Pennsylvania’s Supreme Court (“Court”) cleared a path for employees seeking to hold employers responsible for data breaches affecting their information. The Court found that employers are legally obligated to implement and maintain reasonable security measures to protect employees’ personal data in their possession. The Court’s logic, however, may extend beyond the employment context and could impact all businesses that collect sensitive personal information about Pennsylvania residents. Moreover, the Court’s holding will likely lead to an increase in data breach lawsuits against all businesses, and it may have an outsized impact on small and mid-sized companies that may not have sufficient resources to implement appropriate cybersecurity measures. We examine the decision in more detail below.
In 2014, a proposed class of 62,000 University of Pittsburgh Medical Center (“UPMC”), then-current and former employees (“Employees”), filed a lawsuit against UPMC. The Employees argued that UPMC’s negligence resulted in a data breach involving the unauthorized access and theft of their personal and financial information, including names, birth dates, Social Security numbers, addresses, tax forms, and bank account information.
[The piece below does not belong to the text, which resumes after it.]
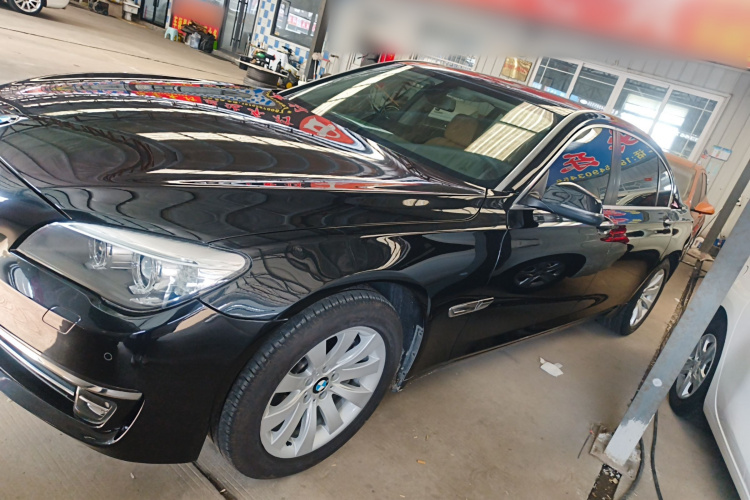 宝马7系 2014款 730Li 臻享型车身外观4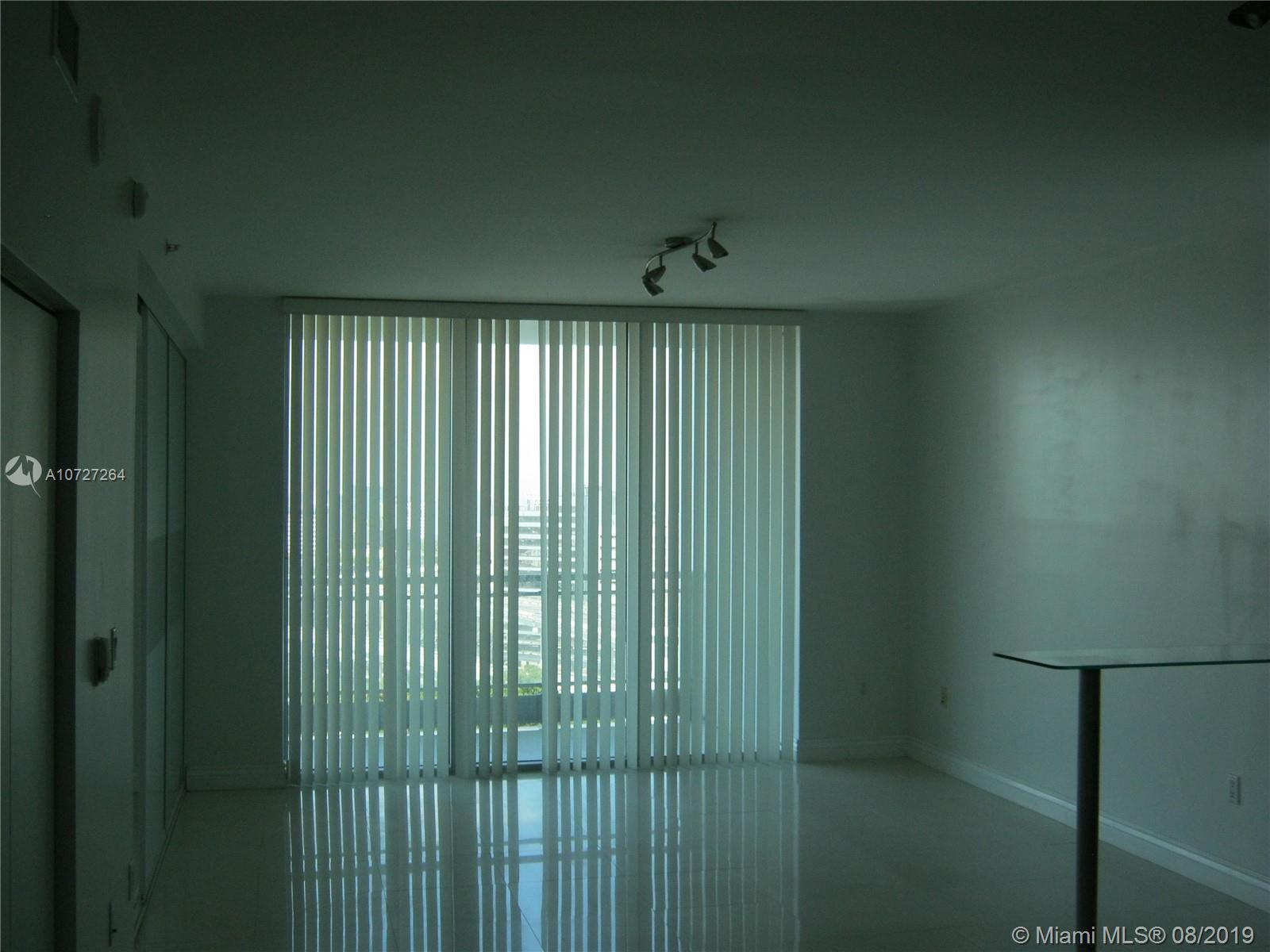 IVY CONDO - Residential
According to the Employees, the criminal actors used the stolen data — which consisted of information UPMC required Employees to provide as a condition of their employment — to file fraudulent tax returns that resulted in their suffering economic losses (for example, delayed tax refunds) and an increased risk of identity theft.
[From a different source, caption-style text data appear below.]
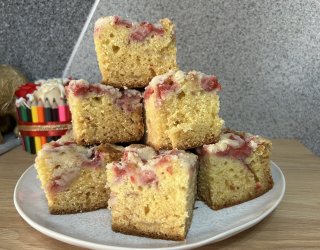 Ekspresowe ciasto na śmietance z truskawkami i kruszonką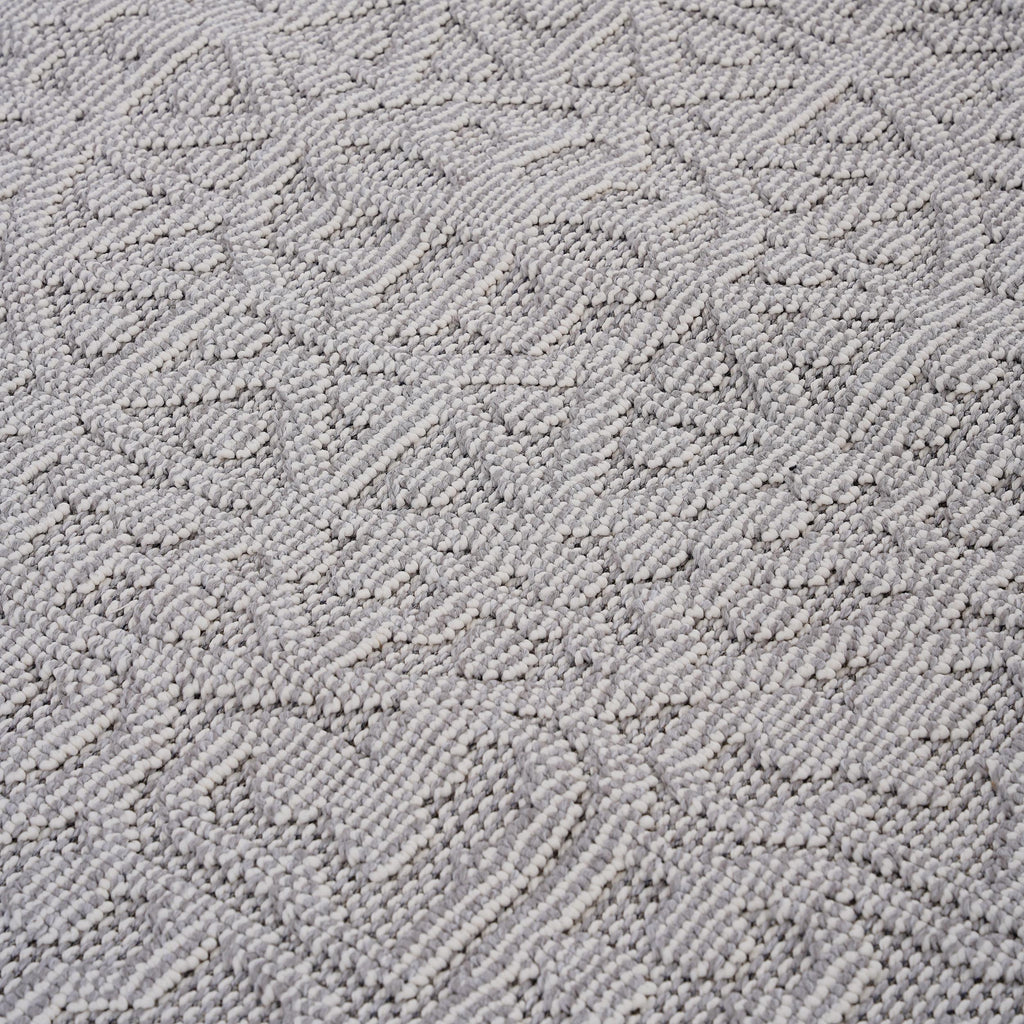 Guros Collection 4'x6' Rug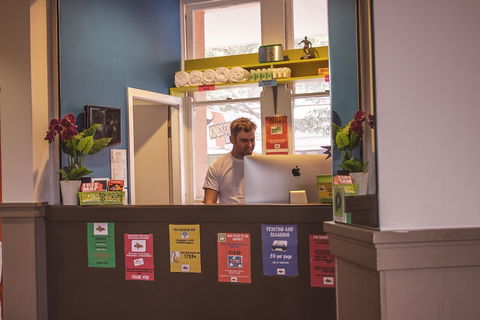 Mad Monkey Backpackers Bayswater - Tourism Caloundra 3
On the negligence claim, the Employees alleged that UPMC had a common law duty — a duty not statutorily required — to exercise reasonable care to protect their sensitive personal information within its possession or control from being “compromised, lost, stolen, misused, and/or disclosed to unauthorized parties.” The Employees claimed that UPMC failed to satisfy this duty by designing, maintaining, and testing an information security system to ensure adequate protection for the Employees’ sensitive information. The trial court rejected this claim, and held that the UPMC owed no duty to protect against cybersecurity breaches of the employees, and dismissed the case. On appeal, however, the Pennsylvania Supreme Court disagreed.
The Pennsylvania Supreme Court’s Ruling
In unanimously rejecting the lower court’s decision and ruling in the Employees’ favor, the Court noted “this case is one involving application of an existing duty to a novel factual scenario, as opposed to the imposition of a new, affirmative duty….” (Emphasis added.) Historically, had an employer left sensitive personal information in an unlocked file cabinet that a thief then stole and used to harm an employee, the employee could seek to hold the employer responsible. Simply, the Court modernized the factual scenario. Here, the Court noted, as alleged, that (i) UPMC required Employees to provide the sensitive personal information; and (ii) UPMC stored the sensitive personal information on its internet-accessible computer system without use of adequate security measures. Thus, the Employees sufficiently alleged that UPMC’s conduct created the risk of a data breach, and UPMC had a duty to exercise reasonable care to protect the Employees against this risk.
The Court also rejected UPMC’s fallback argument. UPMC argued that a third-party criminal action, specifically, the theft of the data, broke the chain of its duty to the Employees. In finding in the Employees’ favor, the Court reasoned that, as alleged, UPMC knew or should have known that its lapse in information security practices (for example, its failing to encrypt data, establish firewalls, or implement an authentication protocol) created the opportunity for a third-party criminal actor to harm the Employees.
Implications for Businesses
The Court attempts to downplay its ruling’s significance with its seemingly innocent characterization of it as only applying settled law to new, limited facts. Interpreted narrowly, the Court applies a duty of reasonable care to an employer that affirmatively collects its employees’ sensitive personal information. The Court’s underlying logic, however, is quite simple and not tied to the existence of the employment relationship at issue in Dittman. Employers are not the only entities that actively request, collect, and store sensitive personal information. From behemoth online retailers to your local flower store, businesses actively seek personal (and sometimes sensitive) information. Like any employer, a business’s affirmative actions in seeking and receiving sensitive personal information create a data breach risk. Therefore, some plaintiff’s lawyers may seek to extend the Court’s reasoning to non-employer contexts.
Assuming a broad and general duty does exist, the Court leaves open many important questions: What constitutes reasonable information security practices? Does a business’s required information security practice vary depending upon the business’s resource level or the personal information types at issue? Can a business avoid potential liability by outsourcing its information security practices to a third-party service provider? If a business outsources its information security, what reasonable measures should be implemented to ensure that third-parties act appropriately?
Unfortunately, these questions are not likely to be answered without complex and expensive litigation. The trial court warned that by creating a “new” private negligence cause of action to recover actual damages resulting from data breaches, “hundreds of thousands of lawsuits could result, which would overwhelm the judicial system and require entities to expend substantial resources in defending against those actions.” Time will tell if these predictions will come true.